[Crawled caption data]

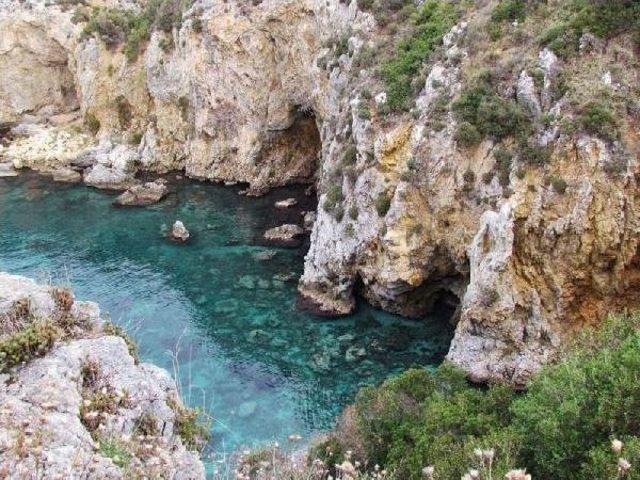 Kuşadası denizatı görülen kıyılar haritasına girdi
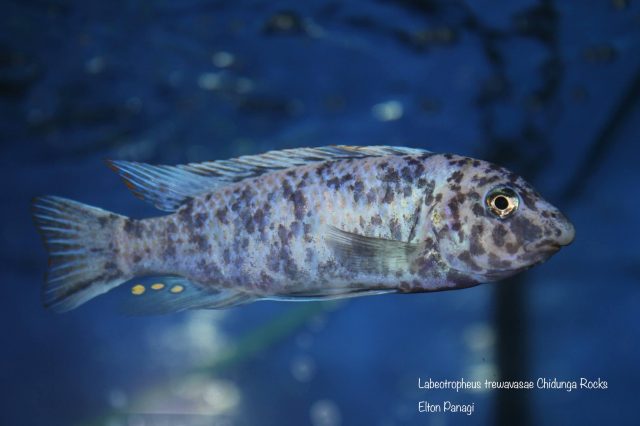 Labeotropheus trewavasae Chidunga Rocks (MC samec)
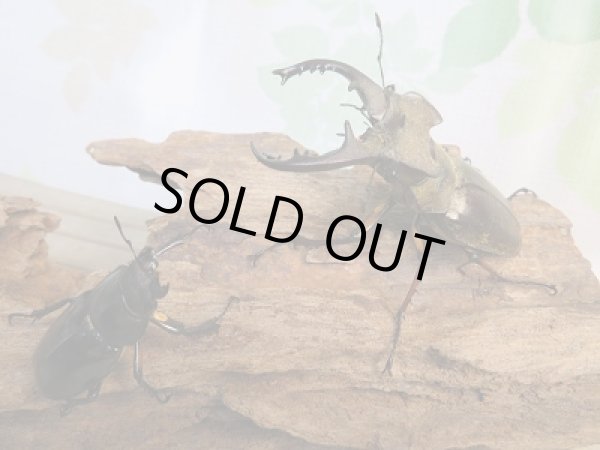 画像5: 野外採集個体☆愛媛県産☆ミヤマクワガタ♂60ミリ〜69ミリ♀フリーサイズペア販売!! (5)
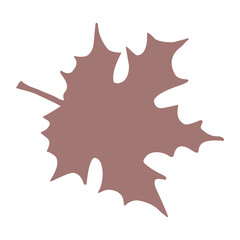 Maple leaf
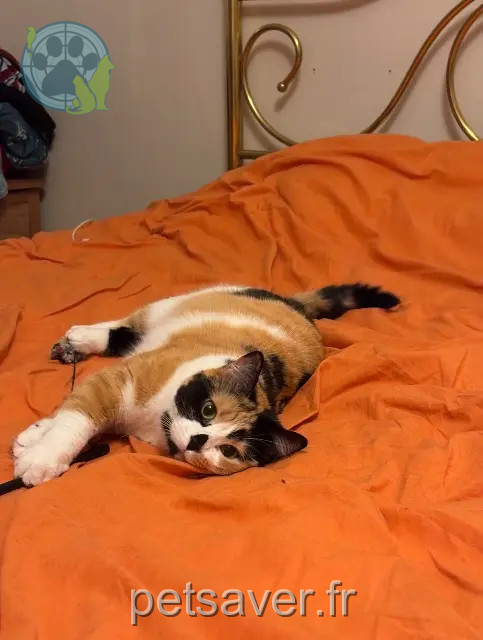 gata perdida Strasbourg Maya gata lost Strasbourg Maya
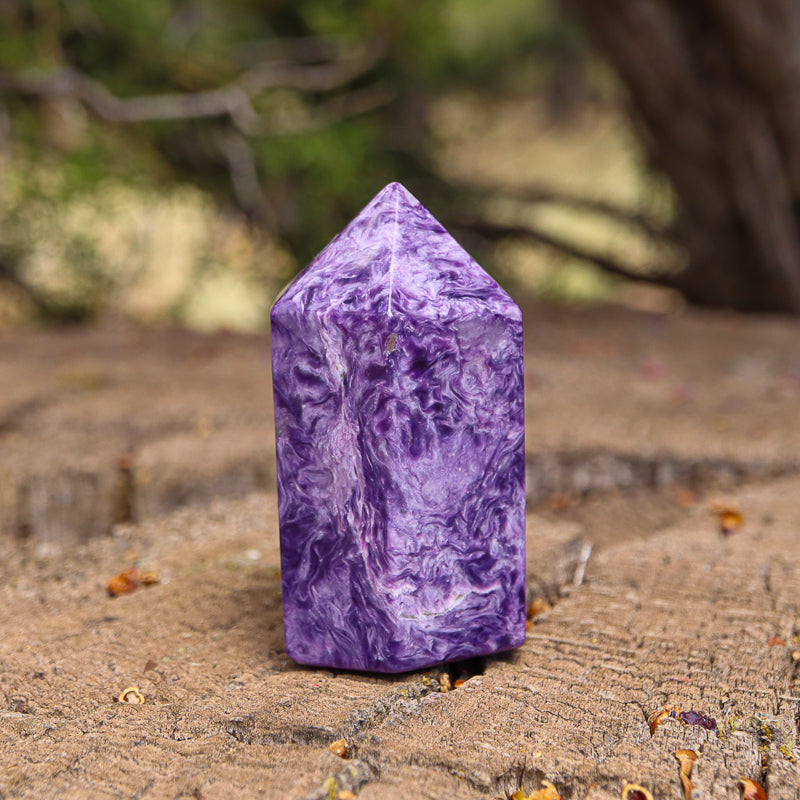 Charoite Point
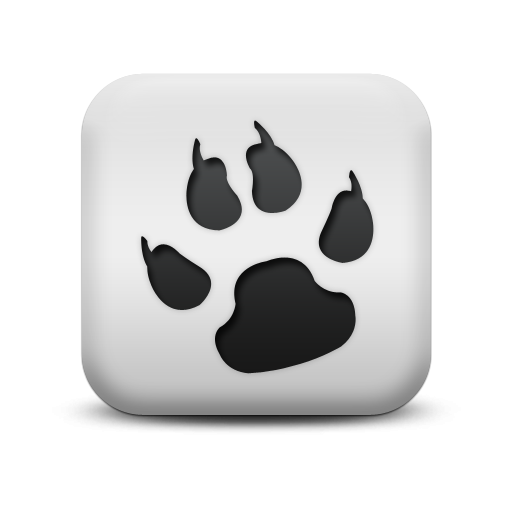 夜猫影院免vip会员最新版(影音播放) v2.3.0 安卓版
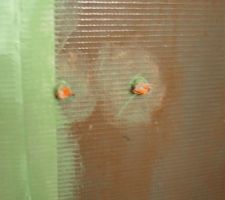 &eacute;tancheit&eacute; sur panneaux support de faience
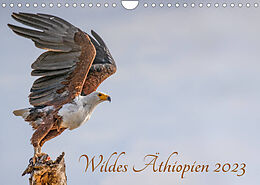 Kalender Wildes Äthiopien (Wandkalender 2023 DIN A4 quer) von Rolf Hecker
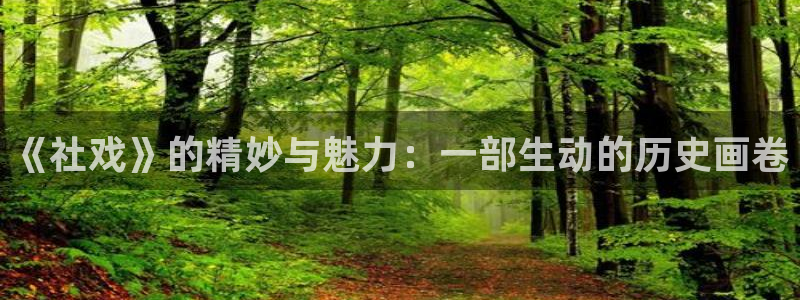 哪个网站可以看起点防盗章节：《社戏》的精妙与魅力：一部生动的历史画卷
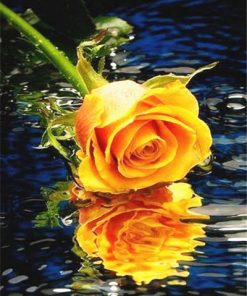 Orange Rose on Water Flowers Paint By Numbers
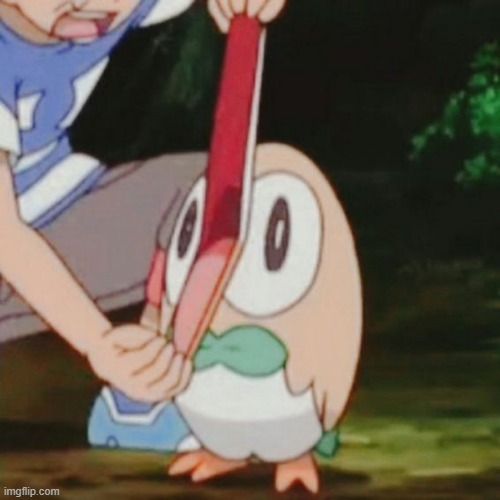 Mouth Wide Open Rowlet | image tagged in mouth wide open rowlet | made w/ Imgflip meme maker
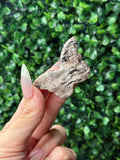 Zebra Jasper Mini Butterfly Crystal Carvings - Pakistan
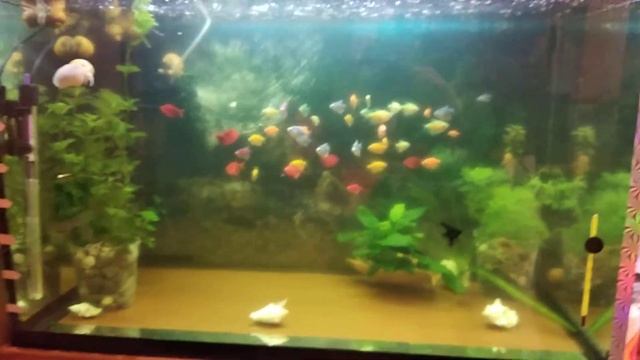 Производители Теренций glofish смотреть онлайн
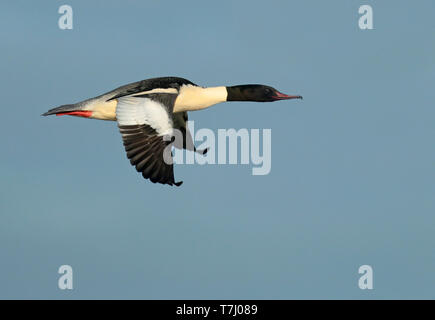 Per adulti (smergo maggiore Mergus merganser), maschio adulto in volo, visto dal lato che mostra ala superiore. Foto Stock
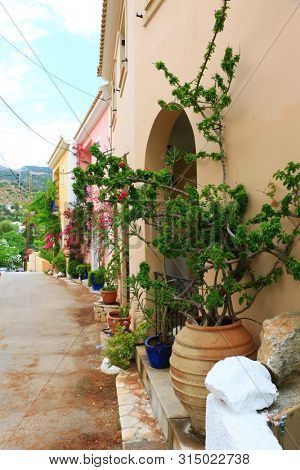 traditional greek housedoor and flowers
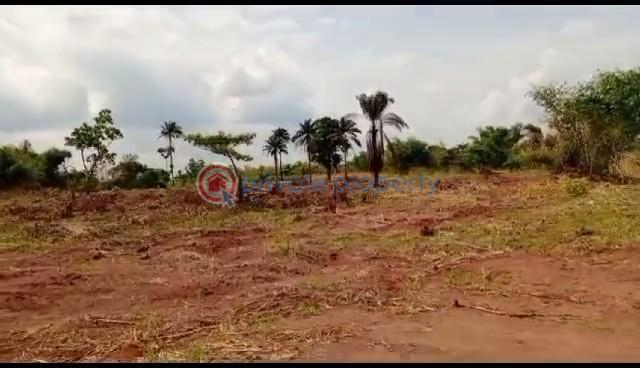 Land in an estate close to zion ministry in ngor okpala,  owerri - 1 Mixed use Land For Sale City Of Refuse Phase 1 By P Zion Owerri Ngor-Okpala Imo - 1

* [Work item]: Print, word for word, the lines above that run from the line containing "Mouth Wide Open Rowlet | image" to the line containing "traditional greek housedoor and flowers", both included. Keep the pictures out.

* [Answer to this problem]:
 Mouth Wide Open Rowlet | image tagged in mouth wide open rowlet | made w/ Imgflip meme maker
 Zebra Jasper Mini Butterfly Crystal Carvings - Pakistan
 Производители Теренций glofish смотреть онлайн
 Per adulti (smergo maggiore Mergus merganser), maschio adulto in volo, visto dal lato che mostra ala superiore. Foto Stock
 traditional greek housedoor and flowers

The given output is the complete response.